WORK ORDER: Below are the entries. Print only the lines starting at the one with "Schutz Dahra Tiver" and ending at the one with "Tv-Meubel Wandgemonteerd 00,5X30X5 Cm Hout", exactly, with no pictures.
#### TASK INPUT
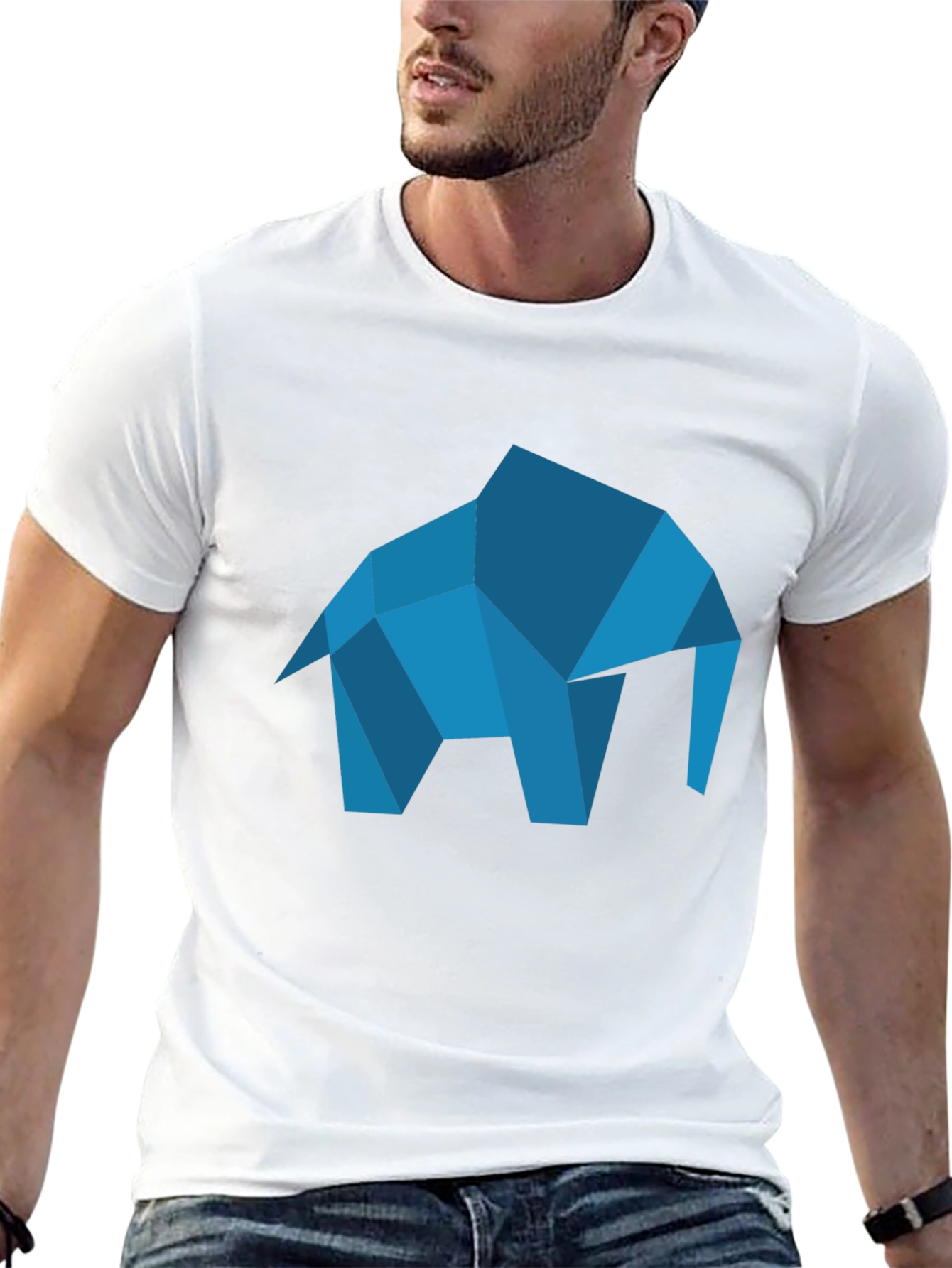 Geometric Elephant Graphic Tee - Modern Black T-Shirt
########
#### TASK INPUT
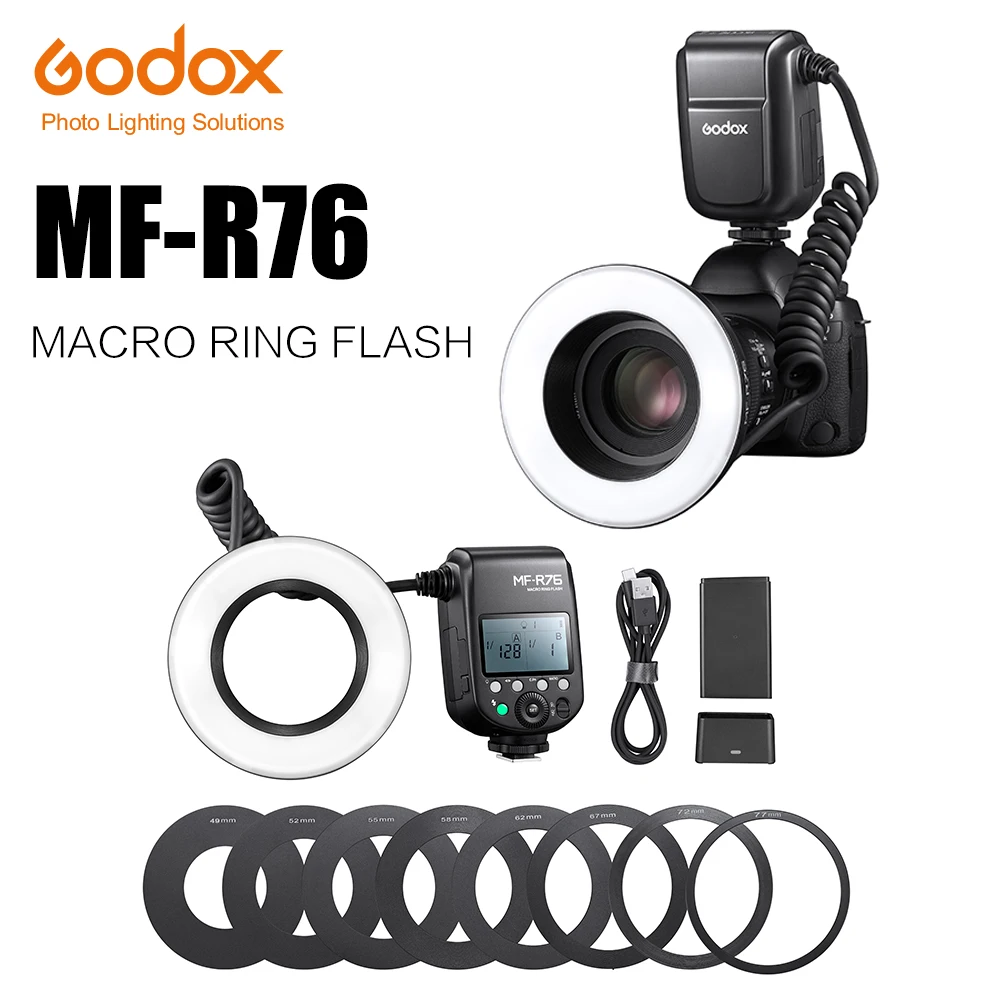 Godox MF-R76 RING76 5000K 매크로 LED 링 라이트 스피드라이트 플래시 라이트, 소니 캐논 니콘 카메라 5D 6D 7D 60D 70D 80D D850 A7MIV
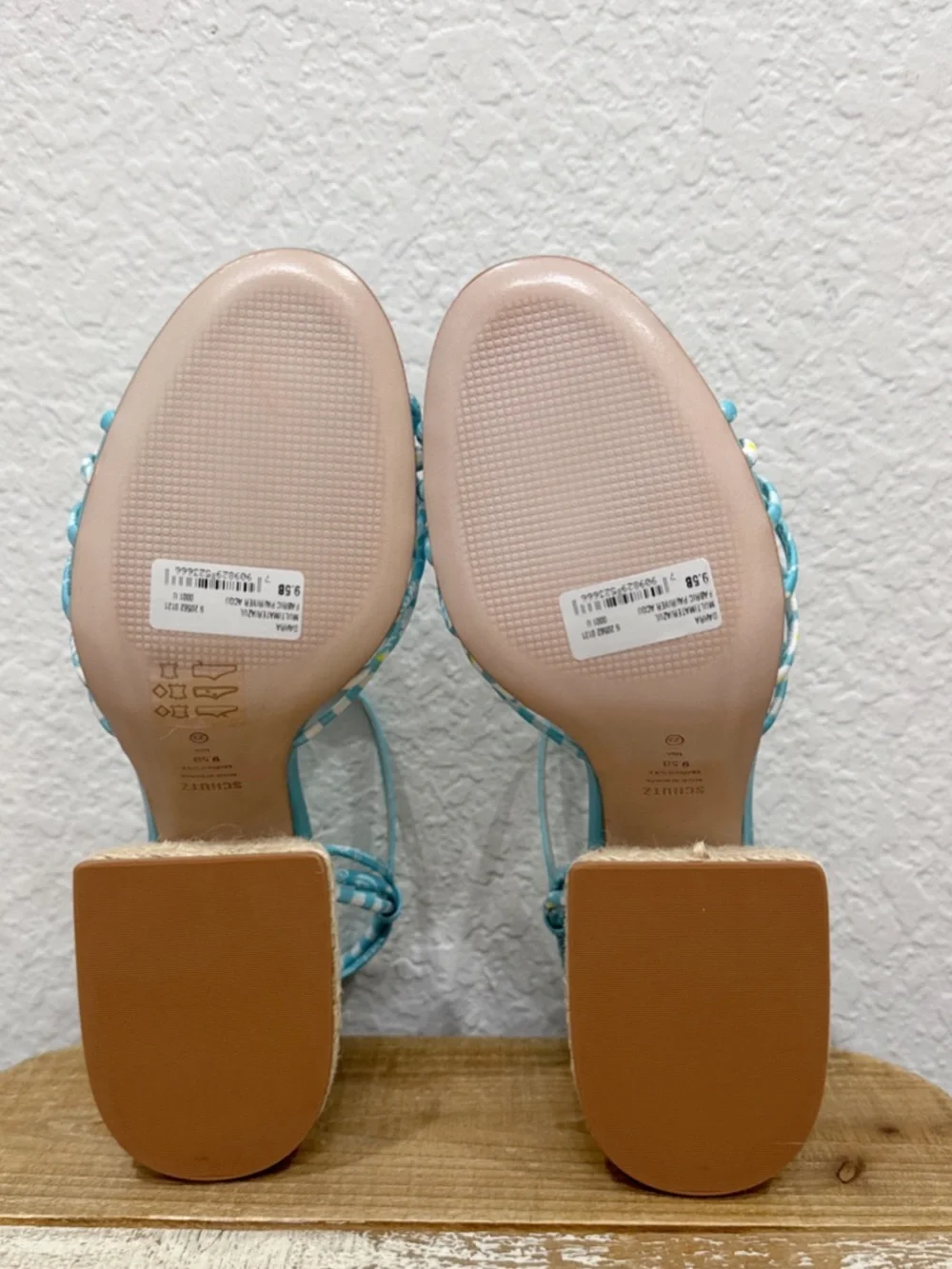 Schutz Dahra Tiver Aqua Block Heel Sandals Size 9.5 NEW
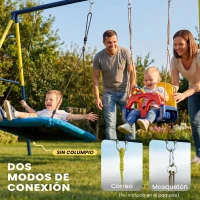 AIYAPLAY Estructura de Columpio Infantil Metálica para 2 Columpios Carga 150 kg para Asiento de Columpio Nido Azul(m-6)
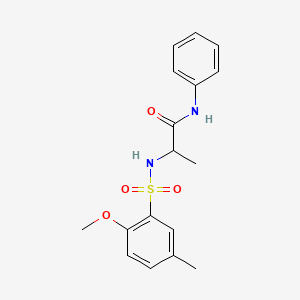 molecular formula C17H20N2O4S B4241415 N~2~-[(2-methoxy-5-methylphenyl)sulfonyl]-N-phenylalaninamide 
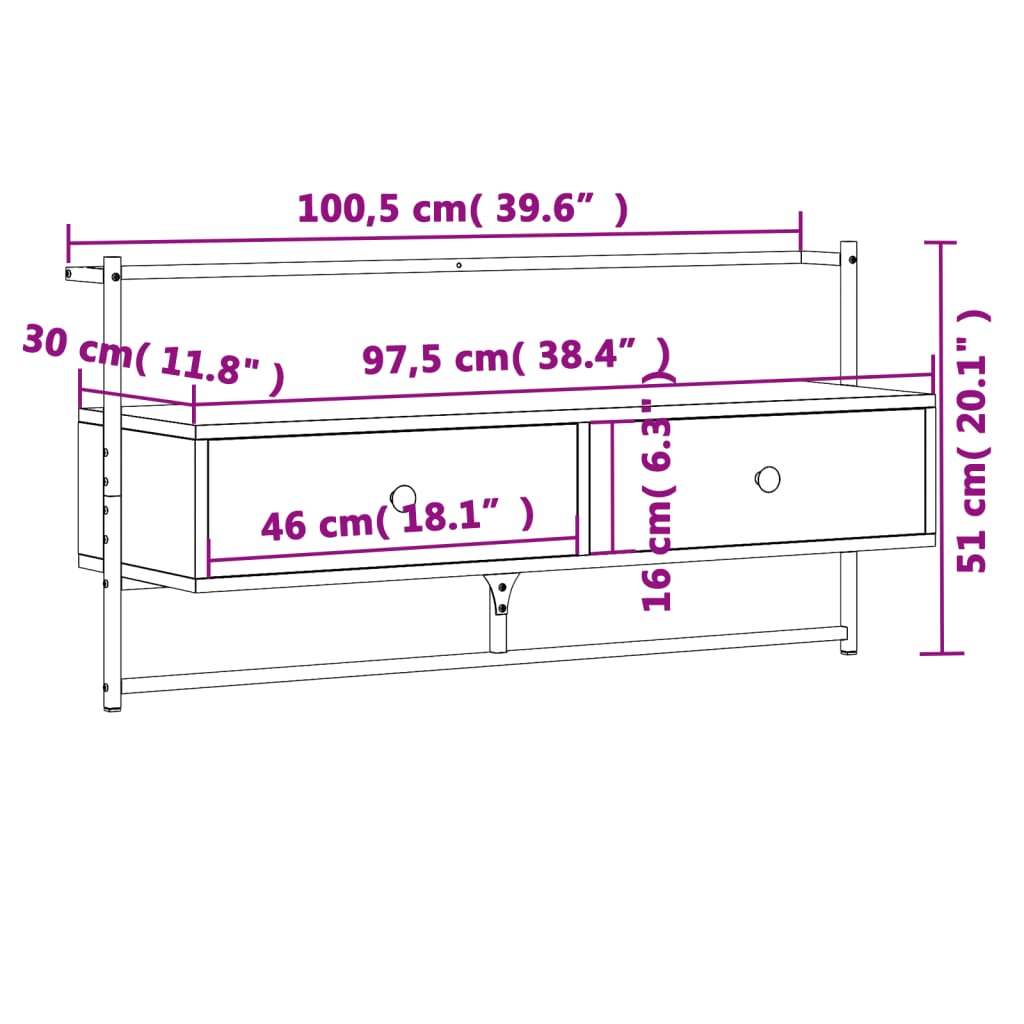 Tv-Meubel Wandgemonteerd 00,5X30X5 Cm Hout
########
#### TASK INPUT
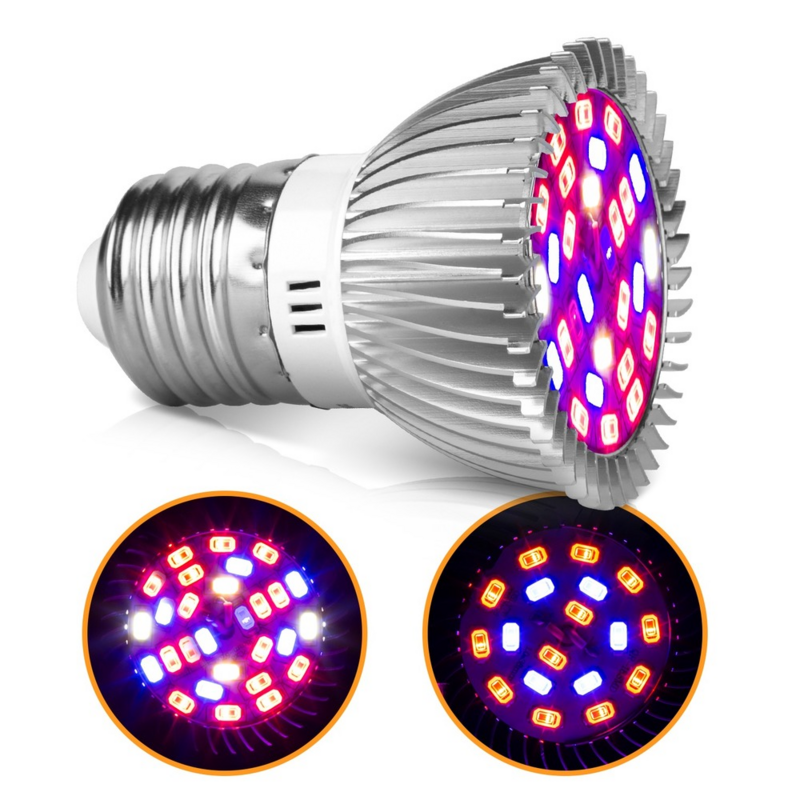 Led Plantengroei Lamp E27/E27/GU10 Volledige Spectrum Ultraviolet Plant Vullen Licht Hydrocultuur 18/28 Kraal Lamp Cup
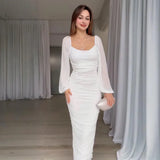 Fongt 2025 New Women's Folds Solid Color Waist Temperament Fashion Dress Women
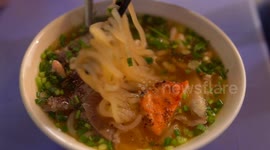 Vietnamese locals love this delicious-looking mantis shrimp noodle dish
########
RESULT FOR THIS TASK:
 Schutz Dahra Tiver Aqua Block Heel Sandals Size 9.5 NEW
 AIYAPLAY Estructura de Columpio Infantil Metálica para 2 Columpios Carga 150 kg para Asiento de Columpio Nido Azul(m-6)
 molecular formula C17H20N2O4S B4241415 N~2~-[(2-methoxy-5-methylphenyl)sulfonyl]-N-phenylalaninamide 
 Tv-Meubel Wandgemonteerd 00,5X30X5 Cm Hout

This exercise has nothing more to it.